The present invention relates broadly to a microwave signal separator apparatus, and in particular to a magnetostatic wave frequency analyzer apparatus.
Magnetostatic waves, which propagate in a supporting medium such as yttrium iron garnet (YIG) films, have potential applications in microwave delay lines and filters for use in radar, electrical countermeasure equipment and communication systems. Constant delay lines with bandwidths of 400 megahertz and delays of about 100 nanoseconds and linear dispersive chirp delay lines with bandwidths of about 1 gigahertz and differential delays of 200 nanaoseconds have been demonstrated at 9 gigahertz.
A forward surface wave is generated by the input transducer if a magnetic biasing H field is applied in the plane of the film but perpendicular to the direction of propagation. A forward volume wave is generated by the input transducer if the H field is normal to the plane of the film. A backward volume wave is formed by an input transducer when the magnetic biasing H field is in the plane of the film in the direction of propagation of the magnetostatic wave. Typically a magnetostatic wave is generated by passing current through a wire or conductor which is placed adjacent to the YIG film. The magnetic field that surrounds the wire induces the magnetostatic wave which propagates in the YIG film in a direction that is dependent upon the magnitude and orientation of an external magnetic field that created the magnetic biasing H field in the film.

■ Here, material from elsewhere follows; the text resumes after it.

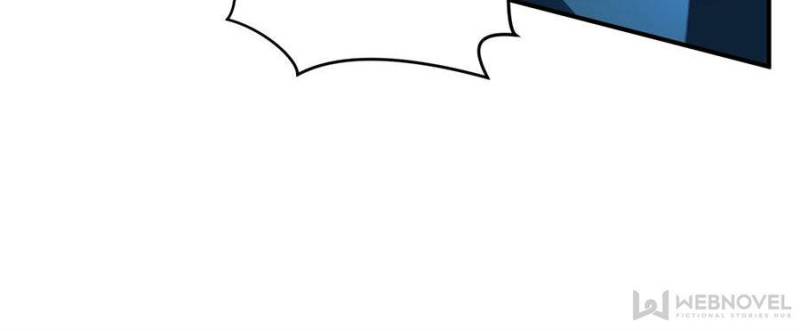 Page 33 of Chapter 85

A YIG film of finite width is effectively a magnetostatic waveguide and, in common with electromagnetic and acoustic waveguides, can support the usual desired lowest order mode plus higher order modes of magnetostatic waves. With magnetostatic surface waves, only higher order width modes can exist but with magnetostatic volume waves both higher order thickness and width modes can exist. Higher order modes are launched, along with the lowest order mode, by the input transducer with a launching efficiency that is dependent upon the transducer geometry. Higher order modes of magnetostatic waves are also produced by scattering of the lowest order mode by defects in the YIG film. At the receiving transducer the highest order modes interfere with the lowest order mode, producing amplitude and phase ripple as well as increasing the overall insertion loss of the delay lines.